Actually I don’t know :D
cudaThreadSynchronize is the only api that you have to synchronize all threads. Otherwise, you can try to implement something using global memory…
device bool sync[BLOCKS];
kernel1 () {
…
__syncthreads();
sync[blockIdx.x]=true;
bool s=true;
for (int i=0; i<BLOCKS; i++) s=sync[i] && s;
while (!s) for (int i=0; i<BLOCKS; i++) s=sync[i] && s;
//now all threads should be synch.
}
This isn’t tested and probably there are also better solutions…
And there is a very good reason to not synchronise between blocks that are running. Supposing I have a task that needs 300 blocks and my GPU can only execute 90 at a time, 90 are started and when some of those have completed (and exited) then more are started, only way new ones can be started is for some already running to exit. So the only ‘all-of-grid’ synchronisation that can happen is when all blocks have exited.
OK in theory it would work if you are only running 90 blocks or less, but then my laptop has a has a smaller GPU it might only execute 8 blocks at a time.

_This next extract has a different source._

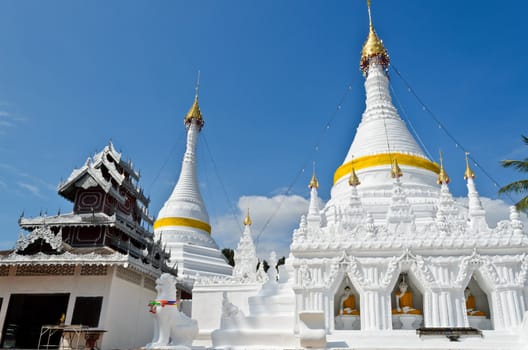 White pagoda architecture at Wat Phra That Doi Kong Mu Temple in Mae Hong Son Province of northern Thailand.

Supposing they made some way of saving a blocks context, the problem with that is that there are some applications where you want to run 100,000 blocks or millions of blocks. To save context you need to save the registers of all threads in the block, plus shared arrays/variables, plus preserve ‘local’ variables, that could total 15k per block, and 15k x 1 million blocks is 15 GB!!